Der geduldige Leser wird verstehen, dass hier jemand seinen Ärger mal ins Netz stellen musste. Aber um dies abzuschließen: Alle Teile erreichten uns letztendlich. Die Rekord-Lieferzeit für das 2. Paket war 4,5 Tage von England nach Majuro. Schneller geht es innerhalb Deutschlands doch auch nicht, oder? Und die internationale Abteilung von DHL funktionierte grandios. Völlig unproblematisch ohne Zusatzkosten konnten wir hier alle großen und kleinen Pakete beim DHL-Servicepoint in Empfang nehmen, mit einem Taxi (die überlangen Teile ragten zu beiden Seiten aus dem Seitenfenster) zum Dinghy-Anleger bringen und dann letztendlich zur etwas angeschlagenen Esmeralda schippern.
Schritt für Schritt konnten am stehenden Mast alle Wanten und die Rollfockanlage ausgetauscht werden. Der kundige Leser wird sich vorstellen können, dass dabei eine große Zahl von Überraschungen auf uns warteten, doch für alles konnte eine befriedigende Lösung gefunden werden. So fanden wir in dem einzigen Betrieb, der Metall auf den Marshallinseln bearbeitet (PII, Pacific International Inc.) ein passendes Rohrstück, aus welchen wir uns Hülsen zum Ausgleich der unterschiedlichen Durchmesser basteln konnten. Der Kunde darf unbehelligt durch die Fabrikhallen schlendern, welche ungefähr so aussehen, wie die Krupp-Werke im Mai 1945 aussahen und mit einem Messschieber sich die passenden Teile zusammensuchen.

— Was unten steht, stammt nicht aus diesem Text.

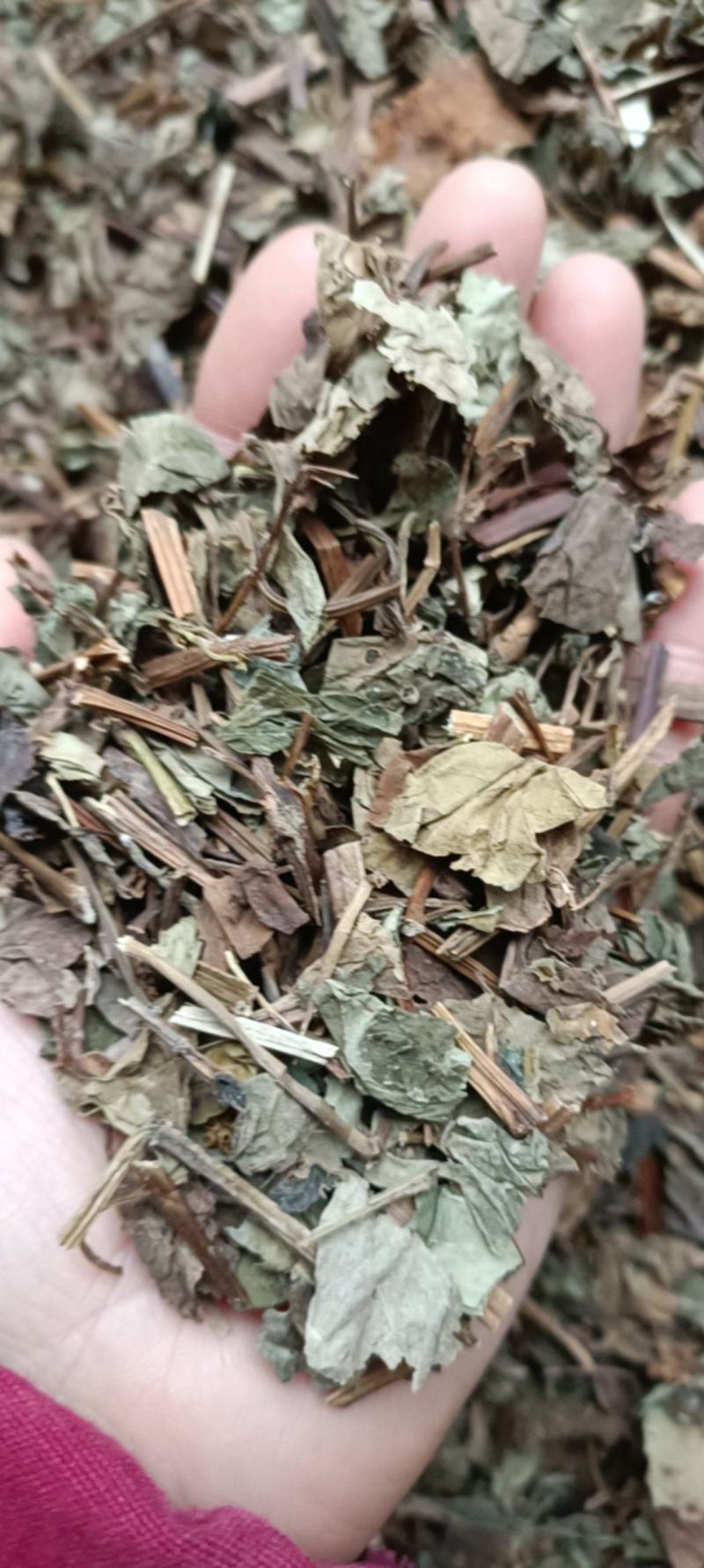 鱼腥草，过筛吸尘，今年新货，欢迎选购，支持在线下单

Die Hilfsbereitschaft der amerikanischen Segler war überwältigend. Immer stand ein kompetenter Kollege zur Verfügung, wenn Rat oder ein paar zusätzliche Hände gebraucht wurden. Bei der Arbeit wie auch beim abendlichen gemeinsamen Budweiser kamen wir uns näher, lernten die englischen Fachausdrücke für die Riggteile und erfuhren mehr über das Leben unserer Freunde. Tatsächlich konnte das Projekt nach unzähligen Mastbesteigungen am 27.1. dann abgeschlossen werden. Wir sind sehr glücklich, nun endlich wieder ein sicheres Rigg und eine wunderbar funktionieren Rollfockanlage (Furlex) zu haben. Außerdem haben wir auch viel gelernt in dieser Zeit.
Die Riggarbeiten beginnen:
Der tägliche Blick auf einige hier seit Jahren hängen gebliebenen Booten (eher Wracks) -manchmal leben sogar noch Menschen auf diesen Vehikeln- schärfte unseren Blick für so einige Missstände auf unserem Schiff.

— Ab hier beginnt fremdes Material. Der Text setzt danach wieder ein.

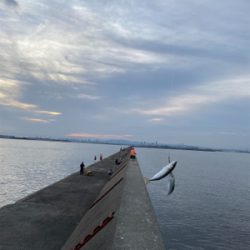 小鯖コサバ小鯖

So haben wir noch weitere Projekte in dieser Zeit bewältigen können. Aus einem von Amazon-USA gelieferten Sonnensegel konnten wir uns ein neues Bimini (Sonnenschutz) schneidern. Das alte war nach mehr als 5 Jahren hartem Einsatz recht zerschlissen. Aus entsetzlich hässlichen Jogging-Hosen aus dem Supermarkt entstanden elegante Fenderhüllen. Das Großsegel, nach vielen Jahren in Wind und Sonne etwas vorgealtert, wurde vermessen und ein neues in einer südostasiatischen Segelschneiderei in Auftrag gegeben. Naja, und noch so einiges mehr… Interessiert vermutlich im Detail dann doch nicht alle.
Die Dauerlieger vor Majuro haben sich in einem Segelclub (Yachtclub Mieco Beach) organisiert. Man trifft sich regelmäßig, bespricht in den täglichen morgendlichen Funkrunden die Aufgaben des Tages und zumeist auch nicht so Bedeutsames und es gibt sogar eine Web-Seite (Sailingmarshallislands.com). Diese war nun in einem bedauernswert-veralteten Zustand und so wurde seitens des Yachtclubs die Frage an die IT-Abteilung des Segelbootes Esmeralda herangetragen, ob man da helfen könnte. Man konnte! Viele Stunden vor dem Rechner hatten sich gelohnt und zur Zufriedenheit aller Yachtclub-Mitglieder (auch wir wurden übrigens für schlappe 20 Dollar Mitglied) erstrahlte die Seite bald in neuem Glanze! Es war ein schönes Gefühl, bei all der Hilfsbereitschaft, die uns gegenüber gezeigt wurde, auch etwas zurückgeben zu können.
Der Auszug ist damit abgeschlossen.